大学院附属の生活心理研究所では,毎年度研究紀要を発刊しています。
今回,大学院附属の生活心理研究所が発行している研究紀要の最新号に,2022年度修士課程心理学専攻修了生・小山 愛未さんの修士論文の研究をまとめたものが掲載されました。
小山 愛未・本多ハワード 素子(2023).嫉妬時の敵意対象の選択ー三者関係における検討ー 昭和女子大学生活心理研究所紀要26, 11-23
紀要論文の掲載に際して,小山さんに論文の内容や研究テーマの決め方などをインタビューしました💁♀
心理学専攻への進学を検討されている方にとって,大学院の研究活動の紹介になれば幸いです💡
仕事内容は主に認知症やうつ病などに関する心理的アセスメントとして心理検査を担当しています。その他にも、勤務先の研究の一環でZoomを用いたオンラインカウンセリングなども行っています。
嫉妬は愛を深めることに役立つ感情ですが、相手を傷つける可能性がある敵意のような攻撃性も含まれます。
嫉妬のメカニズムを検討することで、嫉妬する人がどのようなことを感じているのか理解することで、嫉妬感情や敵意への対処方法を考えられるのではないかと思いました。
研究では場面想定法※を用いました。研究目的に合わせて差が出るようにシナリオを作成することが大変でした💦
また、セクシュアル・マイノリティの文脈も考慮し、異性愛前提と受け取られないようにシナリオを作成しました。
(日本心理学会の「心理学における多様性尊重のガイドライン」に則っています)
このように研究に必要なシナリオ作成のプロセスそのものを通じ、人間関係の複雑さを改めて認識することができ、それ自体が私にとって大きな学びとなりました。
※場面想定法( vignette experiment )…シナリオ法とも呼ばれる。

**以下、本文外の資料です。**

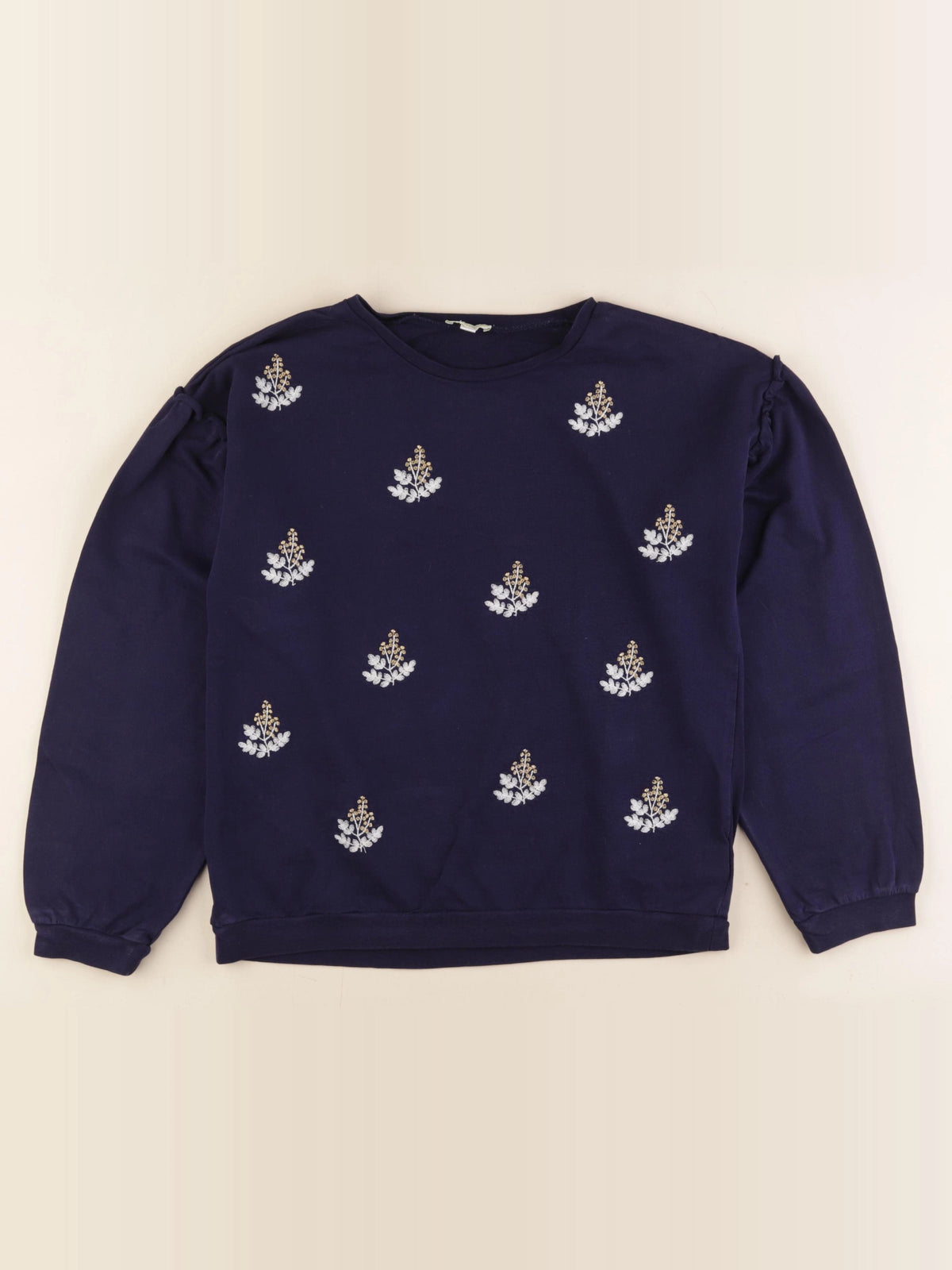 Vertbaudet - sweat bleu, or - 12 ans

本研究のような,恋愛関係における嫉妬感情など実験室で行うことが難しい場面についてビネット(シナリオ)を読んでもらい,その場面に自分がいると想定して,その時の考えや感情,行動などについて回答してもらうことで回答者の心理的な傾向を測定する方法。
大学院は興味関心のあることをより集中して学べるだけでなく、実習や授業を通じてさまざまな人と深く関われる貴重な場所です。
大学院に入学した際には、院生生活をぜひ楽しんでいただければと思います。